Even though we still have a blank canvas, but notice how the x and y axes are now labelled with the variables/columns in the `data.frame`. So what are we missing for a scatter plot? 
Actually putting the points on the canvas!

In `ggplot2`, a plot is always a combination of layers. We have now a layer of blank canvas with axes, we will want to draw on this canvas using `geom_point()` which places the actual points on the canvas based on the mappings we have already specified. In `ggplot2`, geometries are functions that actually draws on the canvas based on the aesthetic mappings given. These are referred to as "geometries". 

```{r}
long_sample_ge_data %>% 
  ggplot(aes(x = strain, 
             y = gene_expression)) + 
  geom_point()
```


This is your first ggplot! Let's give it a title!

```{r}
long_sample_ge_data %>% 
  ggplot(aes(x = strain, 
             y = gene_expression)) + 
  geom_point() +
  labs(title = "My first ggplot!")
```


We see that the scale of data points can be very different. This is due to some genes always tend to have a higher expression than others (due to biology). So it will be a good idea to make a plot for each gene instead. This means that we need to make this plot for each value in the `gene_symbol` column in our data. This can be done using the `facet_wrap` function, which will produce a plot that we have already made, but split by all unique values in the given variable, in this case `gene_symbol`. 

```{r}
long_sample_ge_data %>% 
  ggplot(aes(x = strain, 
             y = gene_expression)) + 
  geom_point() +
  facet_wrap(~gene_symbol) +
  labs(title = "My first ggplot!")
```


This plot shows that "Aldh3a1" is the main culprit for having a very different scale compared all other five genes. 

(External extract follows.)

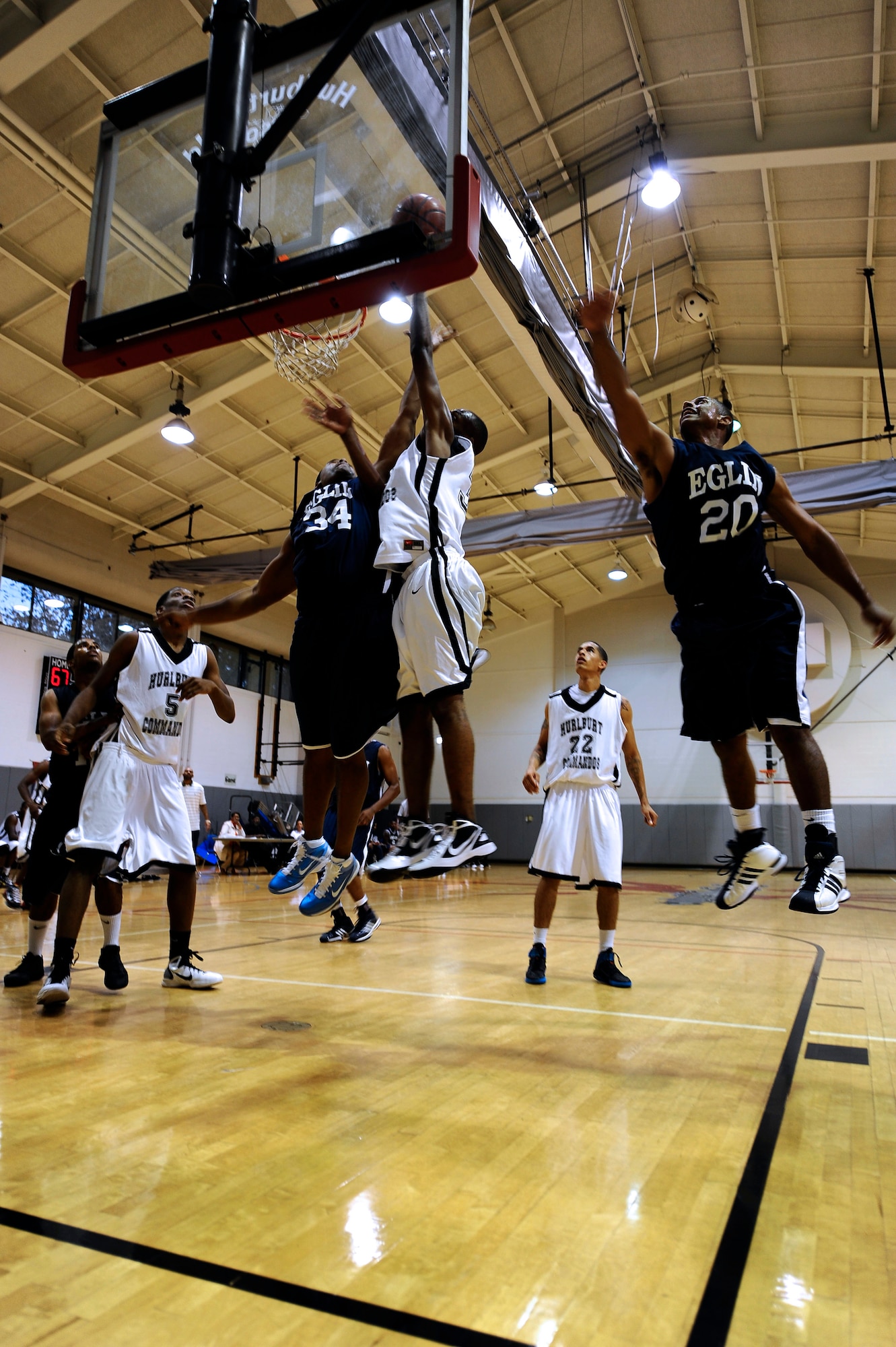 U.S. Air Force Tech. Sgt. Taveres Simpson, small forward for the Hurlburt Field Commandos basketball team, leaps into the air to score a point during a game at the Aderholt Fitness Center on Hurlburt Field Fla., Nov 19, 2011.  Simpson has been playing with the Hurlburt Field Commandos for three years. (U.S. Air Force photo/Airman 1st Class Gustavo Castillo)(Released)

One way to deal with this scaling is to use the logarithm scale. `ggplot2` has a very convenient way to doing this. The `scale_y_log10` function will scale the y-axis to log10 scale and this is a very convenient function because it retains the labelling of the original data but the points are on a log10-scale.

```{r}
long_sample_ge_data %>% 
  ggplot(aes(x = strain, 
             y = gene_expression)) + 
  geom_point() +
  facet_wrap(~gene_symbol) +
  scale_y_log10() +
  labs(title = "My first ggplot!")
```


We now have the scatter plots on a good scale, and we can already see some interesting features from these plots. For example, the "Aldh3a1" gene seems to show off some differences between the two strains, and the "Bbs2" gene seems to have a different variance between the two strains. 

So, how can we improve on this plot further?

We can layer plots of other features onto this! For example, boxplots.

```{r}
long_sample_ge_data %>% 
  ggplot(aes(x = strain, 
             y = gene_expression)) + 
  geom_point() +
  geom_boxplot() +
  facet_wrap(~gene_symbol) +
  scale_y_log10() +
  labs(title = "My first ggplot!")
```

Now it is a good time to stop and think about what we did. 

We started off with a `data.frame` and a blank canvas with the aim to make a scatter plot. We added aesthetic mappings onto our ggplot and evaluated the quality of our plot as we go along. Every time we identify deficiencies in our plot, we simply add more layers to the plot. This detective-work is what makes `ggplot2` is so popular, because it is very flexible in handling new ideas and plotting aesthetics. But at the same time, every aesthetic of this plot can be traced back to a particular column in the `data.frame`. 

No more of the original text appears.